Tout ce qu'il a pu longuement mûrir et projeter il en entreprend vigoureusement la réalisation : Atlas géologique du monde, légende internationale, programme des corrélations auquel l'UNESCO vient en 1969 seulement de donner un aspect nouveau ; cartes continentales, géologiques, minières, tectoniques, du charbon, du fer, métallogéniques, hydrogéologiques. Tout le programme de la carte internationale ébauché depuis de longues années, sa vive intelligence, sa large culture et son dynamisme lui permettent d'en préparer la réalisation et d'en animer la préparation.

C'est en fait, en 1958, la première réunion générale au Musée Guimet, où il jette les bases modernes d'une organisation de la Commission de la Carte géologique du Monde qui ne fera que se développer. En 1958 il assiste aux réunions géologiques de la Commission économique pour l'Asie du Sud-Est. En 1960, à Copenhague, il veut bien appeler à collaborer avec lui un des auteurs de cette notice (J. M.) qui considère ces deux trop courtes années comme ayant été pour lui-même pleines d'enseignement et de formation dans la collaboration avec ce « patron ». Hélas en 1961, au retour d'un voyage en Amérique du Sud, où il avait animé et développé le rôle des services géologiques et jeté les bases d'une carte de ce continent, et préparé au titre du BRGM les voies à la coopération française, F. Blondel est frappé du mal qui devait l'emporter sept ans plus tard.
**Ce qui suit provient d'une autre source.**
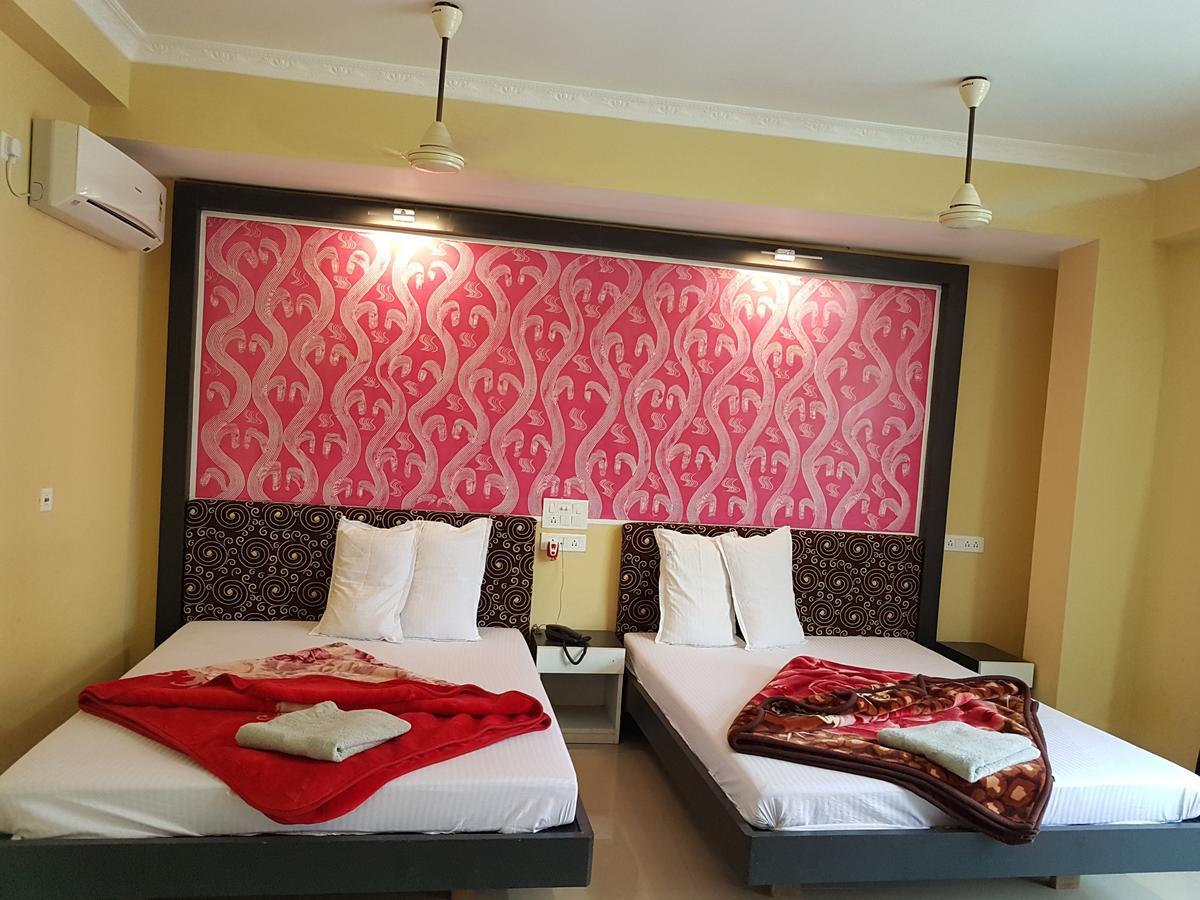 Swagatam International Hotell Tarapith Exteriör bild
Il serait vain de rappeler les titres qu'avait acquis Blondel, Président de Sociétés savantes et techniques, Président de l'Académie des Sciences coloniales, membre d'honneur de Sociétés étrangères, sa renommée en France et à l'étranger justifiaient largement ces honneurs.

Enfin en mars 1971, l'American Institute of Mining, Metallurgical and Petroleum engineers a attribué conjointement à F. Blondel et à S. G. Lasky à titre posthume, sa plus haute distinction sur proposition du conseil économique de cette organisation dans les termes suivants : « En reconnaissance pour leurs nombreuses contributions, individuelles ou en collaboration, étendues pendant quarante ans et sur deux continents et qui, par leurs recherches d'un terrain commun entre les sciences physiques et économiques, ont su largement contribuer à définir les domaines de l'économie minière. »

C'est à son vieil ami W. D. Johnston du Geological Survey des U. S. A. que devait échoir l'honneur de représenter la famille de M. Blondel à la cérémonie de remise du prix, à laquelle assistait comme représentant de la France, M. Callot, Ingénieur en chef des Mines.

Chez F. Blondel l'homme n'était pas moins attachant que le savant, que l'animateur : vivant, direct, amical et vite affectueux, il révélait sous des aspects parfois brusques une âme ardente et généreuse. Sa bonne humeur, sa bonhomie, son enthousiasme entraînaient ceux qui l'approchaient et jouaient dans les rapports internationaux une part importante. Aussi bien en Amérique du Nord qu'en Europe et en Asie et en Amérique du Sud, nous avons pu mesurer la place qu'il a tenue et la façon dont il a servi l'influence française.

Les géologues du monde entier ont, à l'occasion de la réunion plénière de la Commission de la Carte géologique du Monde en 1968, tenu à lui rendre un hommage reconnaissant.

Aujourd'hui, à Mme Blondel, à son fils, à sa belle-fille, à ses deux petites-filles, la Société géologique exprime la vive admiration des géologues français pour F. Blondel et les assure que son souvenir et son exemple seront gardés fidèlement.